SBC has been reminded to deploy the remaining 2022 microlending funds to the MSMEs to mitigate the impact of inflation.
Rep. Bernadette Herrera reminded the Small Business Corporation (SBC) to disburse all 2022 microlending funds they currently have until December 31.
SBS is an affiliate and the financing arm of the Department of Trade and Industry (DTI) with the mission of providing financial initiatives for Micro, Small, and Medium Enterprises (MSMEs).
Microlending is one of the most immediate and effective ways to mitigate the impact of high inflation, fuel prices, and bank financing rates.
Because SBC will receive the new 2023 microlending funds in next year's budget, any remaining 2022 SBC loanable funds for MSMEs should be distributed by end of the year in accordance with the 2022 General Appropriations Act.
SBC received a P2 billion national government subsidy for the “Pondo para sa Pagbabago at Pag-Asenso (P3)” which is a microfinance program for the MSMEs.
“By now, SBC should have addressed their personnel shortages they complained of months ago.” Herrera said.
However, SBC replied that they were unable to swiftly disburse their P3 program funding because their personnel complement was insufficient to satisfy the high volume of P3 microlending applications.
If SBC will not be able to attend to this situation, they would be held accountable in the weeks ahead.
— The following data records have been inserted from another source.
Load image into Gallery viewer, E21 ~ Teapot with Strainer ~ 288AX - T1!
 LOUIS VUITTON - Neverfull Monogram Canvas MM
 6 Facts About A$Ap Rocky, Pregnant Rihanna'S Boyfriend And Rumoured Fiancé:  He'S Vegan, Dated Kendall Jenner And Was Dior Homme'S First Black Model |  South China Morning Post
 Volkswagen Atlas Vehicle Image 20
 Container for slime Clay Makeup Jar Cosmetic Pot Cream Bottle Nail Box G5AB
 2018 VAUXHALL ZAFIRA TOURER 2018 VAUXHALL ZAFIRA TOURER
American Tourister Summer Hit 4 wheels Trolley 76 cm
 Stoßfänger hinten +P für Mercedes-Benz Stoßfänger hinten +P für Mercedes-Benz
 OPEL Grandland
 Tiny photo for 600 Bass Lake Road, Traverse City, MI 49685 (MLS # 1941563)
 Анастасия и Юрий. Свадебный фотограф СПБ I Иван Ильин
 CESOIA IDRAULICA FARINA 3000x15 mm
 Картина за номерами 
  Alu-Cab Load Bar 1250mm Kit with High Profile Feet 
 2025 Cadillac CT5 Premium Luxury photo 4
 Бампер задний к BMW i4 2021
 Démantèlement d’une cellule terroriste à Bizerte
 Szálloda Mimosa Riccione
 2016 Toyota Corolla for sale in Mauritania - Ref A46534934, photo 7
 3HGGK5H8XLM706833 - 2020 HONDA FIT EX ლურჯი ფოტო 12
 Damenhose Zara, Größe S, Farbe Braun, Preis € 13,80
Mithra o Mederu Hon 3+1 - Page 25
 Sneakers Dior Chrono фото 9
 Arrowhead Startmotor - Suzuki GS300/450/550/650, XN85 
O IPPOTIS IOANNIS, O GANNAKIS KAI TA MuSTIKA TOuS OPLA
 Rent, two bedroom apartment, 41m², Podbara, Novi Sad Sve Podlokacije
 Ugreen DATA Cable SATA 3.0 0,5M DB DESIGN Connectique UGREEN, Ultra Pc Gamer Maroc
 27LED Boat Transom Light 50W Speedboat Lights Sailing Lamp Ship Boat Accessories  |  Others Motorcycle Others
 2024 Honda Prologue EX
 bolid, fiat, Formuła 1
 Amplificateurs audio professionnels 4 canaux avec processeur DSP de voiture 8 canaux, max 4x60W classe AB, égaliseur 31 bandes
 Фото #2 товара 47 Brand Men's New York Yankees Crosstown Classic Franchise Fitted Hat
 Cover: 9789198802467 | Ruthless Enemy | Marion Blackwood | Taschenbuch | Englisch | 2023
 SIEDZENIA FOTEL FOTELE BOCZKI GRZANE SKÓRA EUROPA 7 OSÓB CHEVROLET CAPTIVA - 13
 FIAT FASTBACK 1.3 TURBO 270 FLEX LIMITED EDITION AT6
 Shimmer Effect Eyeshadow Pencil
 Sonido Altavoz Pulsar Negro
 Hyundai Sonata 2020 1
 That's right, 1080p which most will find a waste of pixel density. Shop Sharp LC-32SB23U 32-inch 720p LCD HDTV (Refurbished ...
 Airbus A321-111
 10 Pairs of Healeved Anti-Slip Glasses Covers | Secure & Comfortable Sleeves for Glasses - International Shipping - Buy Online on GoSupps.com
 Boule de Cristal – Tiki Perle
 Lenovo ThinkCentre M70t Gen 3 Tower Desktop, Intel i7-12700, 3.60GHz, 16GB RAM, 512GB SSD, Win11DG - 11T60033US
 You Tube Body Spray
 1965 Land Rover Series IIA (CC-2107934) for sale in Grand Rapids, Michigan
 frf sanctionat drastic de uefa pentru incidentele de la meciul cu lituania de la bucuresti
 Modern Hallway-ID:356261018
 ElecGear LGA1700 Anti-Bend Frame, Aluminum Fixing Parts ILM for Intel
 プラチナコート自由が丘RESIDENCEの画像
Herrera said that the DTI should deploy discounted consumer goods with the holidays nearing.
DTI can do strategic deployment of discounted consumer products and noche buena items to groups of informal settlers in the coming weeks because they are the ones who need those discounted goods the most.
“They can deploy in November and build up to December so the poor in informal settler communities in the cities can have food and necessities to make it through Christmas and into the new year.” Herrera added.